As Tomas focused on an emerging reality, he detached from the suffocating fear of COVID-19 implications, began to quiet the sound of his father and wife’s opinions, set aside logic as an exclusive guide, and connected to his own hopes and wants. His anxiety lessened. He opened his eyes knowing which role to take and accepting that his decision wouldn’t unfold in the precise way he imagined. In our time together, he sensed where to put a singular piece in the emerging puzzle of his life and took a step forward in the fog of uncertainty.
I appreciate that being told to just sense into our own outer and inner-knowing as the answer to navigating our current existence can feel both mildly patronizing and supremely annoying. I mean seriously: Will I have employment next month? Will my medical treatments be further delayed? Will our nation’s political system combust? And yet, what we most know about uncertainty is that the final picture can’t be known. So, we can either A) stubbornly seek out certainty and regularly befriend pain and disappointment or B) notice what’s emerging in and around us and rely on our experience and intuition to sense where each piece belongs. Since option A filled me with a sense of piercing inadequacy last Saturday night, I’m choosing B. What about you?
Here are questions to reflect on to practice more emergent leadership and humanity in a time of so much uncertainty:
- What’s emerging in and around you? What activities fuel anxiety? What new habits are joy inducing? What’s surfacing as most relevant and meaningful in your life? What parts of yourself don’t you recognize? What’s shifting in relationship with co-workers, partners, kids, siblings, or clients? What’s calling to you?
- What do these noticings reveal about what you want to ignore, change, or amplify? What do you want more of? Less of? What do you want to preserve just as it is?
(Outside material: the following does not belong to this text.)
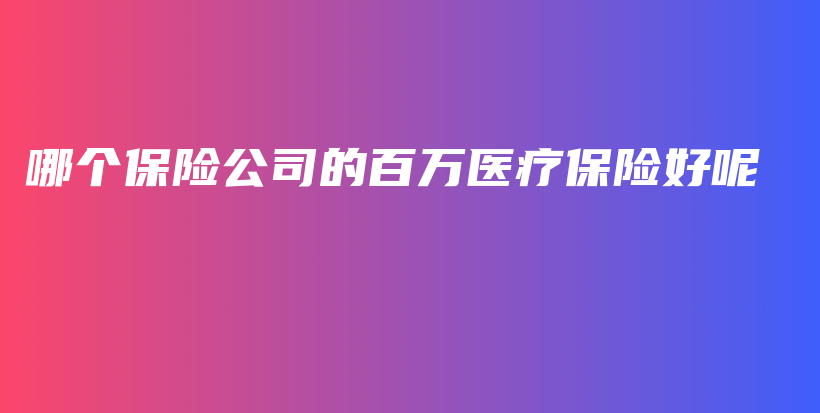 哪个保险公司的百万医疗保险好呢-保点通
- What’s one small action you could take, a piece of the puzzle you could put in place, to craft the emerging puzzle of your life? How could you spend the first or last 10 minutes of your day differently? Who could you ask for that you need? What could you say no to? What could you experiment with doing differently, just for a day or week?
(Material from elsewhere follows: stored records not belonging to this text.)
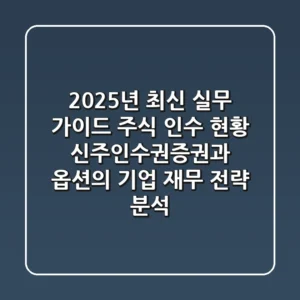 "2025년 최신 실무 가이드": 주식 인수 현황, 신주인수권증권과 옵션의 기업 재무 전략 분석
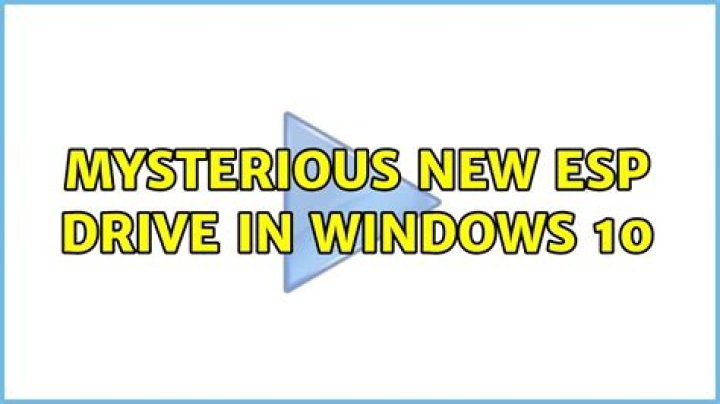 Mysterious new ESP drive in Windows 10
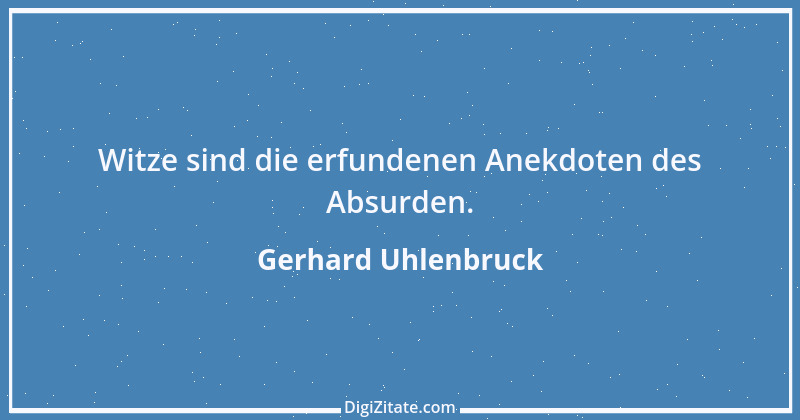 Zitat von Gerhard Uhlenbruck 630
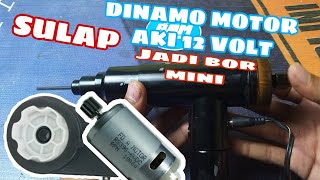 Waow kecil tapi bertenaga bor mini dari dinamo motor aki 12 volt | How to make mini drill 12 volt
- What are you learning? What sense are you making of it all? What is becoming clearer in the puzzle of your life? What do you know or understand more deeply? What do you sense is your next move?
*Client name changed to preserve confidentiality and anonymity.
I felt my shoulders relax as I read paragraph 7, thank you Chantal.
The metaphor of the giant puzzle worked so well for me! And I love the prompts you offer at the end. Thank you!
I too loved the puzzle metaphor Chantal and your questions are wonderful – thank you!